Key Takeaways
- Bitcoin dropped below $67,000 on Thursday as broader markets experienced risk-off sentiment
- U.S. spot Bitcoin ETFs recorded $506 million in net inflows, the highest level in two weeks
- BlackRock acquired approximately 4,309 BTC worth $289.6 million within a single hour
- Nearly 20,000 wallet addresses now hold 100 BTC or more, potentially signaling market strength per Santiment
- Ongoing profit-taking activity continues preventing Bitcoin from reclaiming the $70,000 level
Bitcoin slipped below the $67,000 mark on Thursday, erasing gains from Wednesday’s powerful rally that had lifted the cryptocurrency more than 6%.

The pullback reflected broader market weakness across traditional equities, where even strong earnings from Nvidia failed to support technology stocks. This cautious market sentiment spilled over into speculative asset classes, pulling cryptocurrency prices down.
As of publication, Bitcoin was trading near $66,900, down approximately 1.6% over the preceding 24 hours according to TradingView figures.
Wednesday’s upward momentum originated largely from bargain hunters entering the market after Bitcoin had dropped nearly 50% from its October peak. The rally gained additional fuel from a short squeeze that compelled bearish traders to close their positions.
Data from Coinglass showed that short positions totaling $468.7 million were liquidated during a 24-hour window.
Despite Thursday’s price decline, institutional demand exhibited significant strength. U.S. spot Bitcoin ETFs posted aggregate net inflows of $506.51 million on February 25, representing the most robust daily figure in two weeks, according to SoSoValue statistics.
ETF Demand Reaches Two-Week High
BlackRock’s IBIT led the charge with $297.37 million in net inflows. Fidelity’s FBTC added $30.09 million, while Grayscale’s GBTC recorded $102.49 million. Bitwise’s BITB contributed an additional $39.37 million.
BlackRock completed a major direct purchase on February 26, acquiring approximately 4,309 BTC valued at roughly $289.6 million within just sixty minutes.
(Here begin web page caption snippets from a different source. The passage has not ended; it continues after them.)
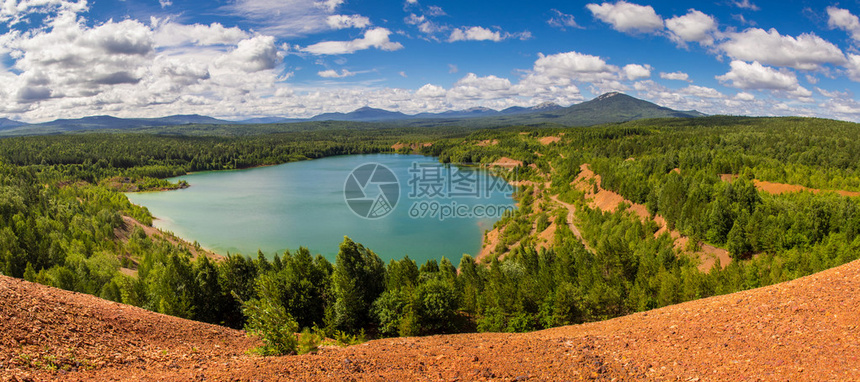 山丘之间湖面的全景天空充图片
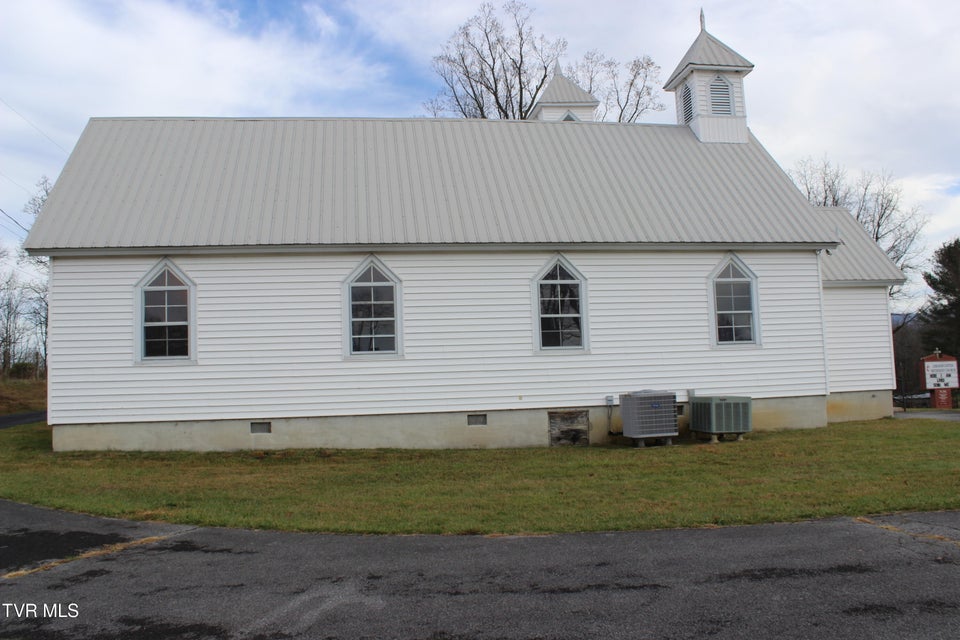 Photo #5: 40027 Widener Valley Road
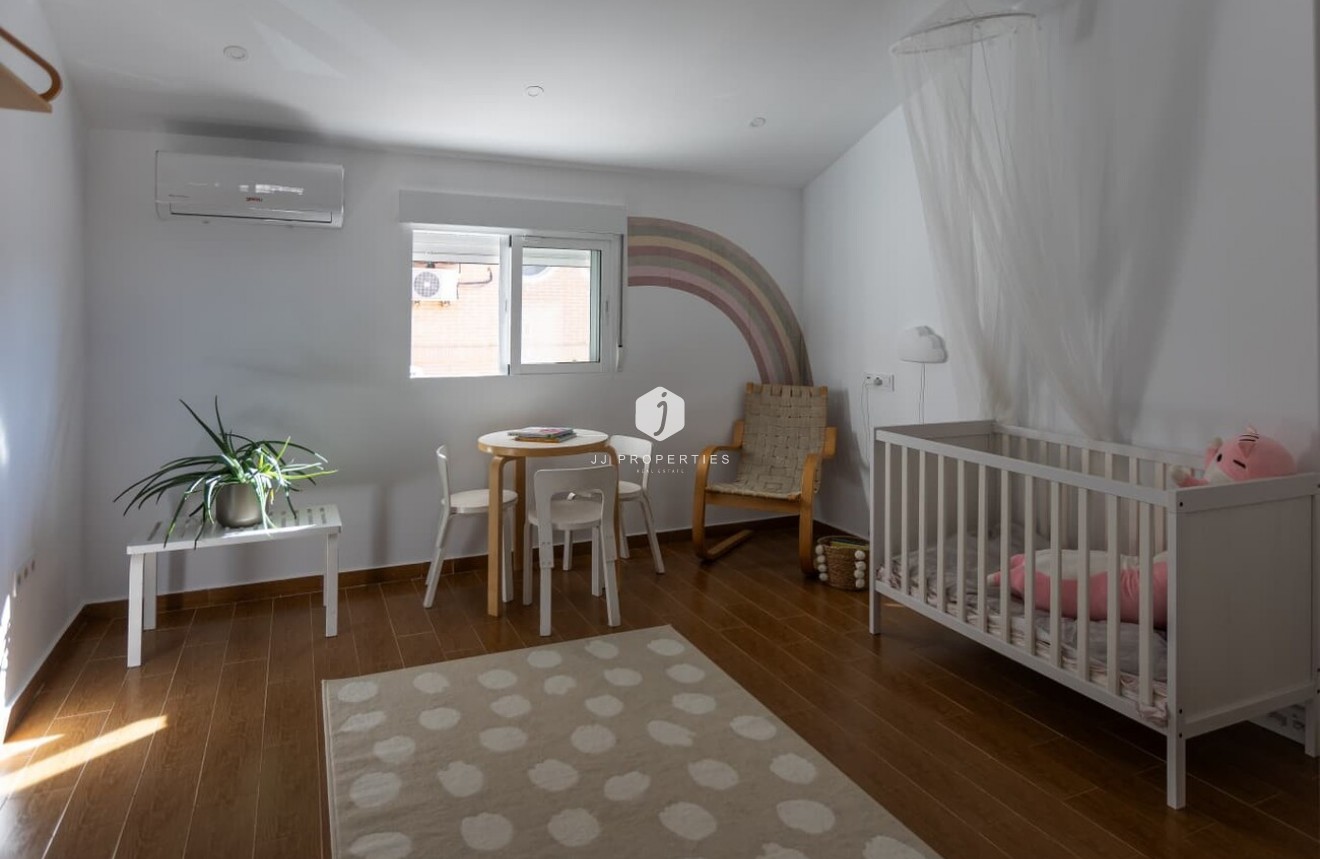 Segunda mano - Chalet -
Torrevieja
The operation involved moving assets from Coinbase Prime hot wallets to IBIT custody addresses.
Eric Balchunas, ETF specialist at Bloomberg, noted that the demand surge arrived at a favorable time after weeks of continuous outflows, though he emphasized it’s too early to conclude whether this represents a sustained trend reversal or simply temporary purchasing activity.
Julio Moreno from CryptoQuant noted on X: “Bitcoin spot demand is growing for the first time since late November.”
Large Holder Distribution Suggests Positive Momentum
Data analytics platform Santiment reported that 19,993 separate wallet addresses held 100 BTC or more as of Thursday, coming within seven addresses of reaching the 20,000 threshold.
Santiment described this trend as reflecting “less extreme consolidation,” suggesting Bitcoin is distributing among a wider group of substantial holders rather than concentrating within a narrow elite.
However, Santiment noted that the total supply percentage controlled by this segment remains relatively unchanged, indicating some established holders are continuing to sell. “This is why prices have stayed suppressed,” the analytics provider stated.
On-chain data firm Glassnode noted that profit-taking behavior has stalled every recovery attempt below $70,000 during February.
The Coinmarketcap fear and greed index showed “extreme fear” as of Thursday, unchanged from earlier in the week.
Bitcoin has fallen approximately 24.59% during the past 30 days and remains about 47% beneath its October record high.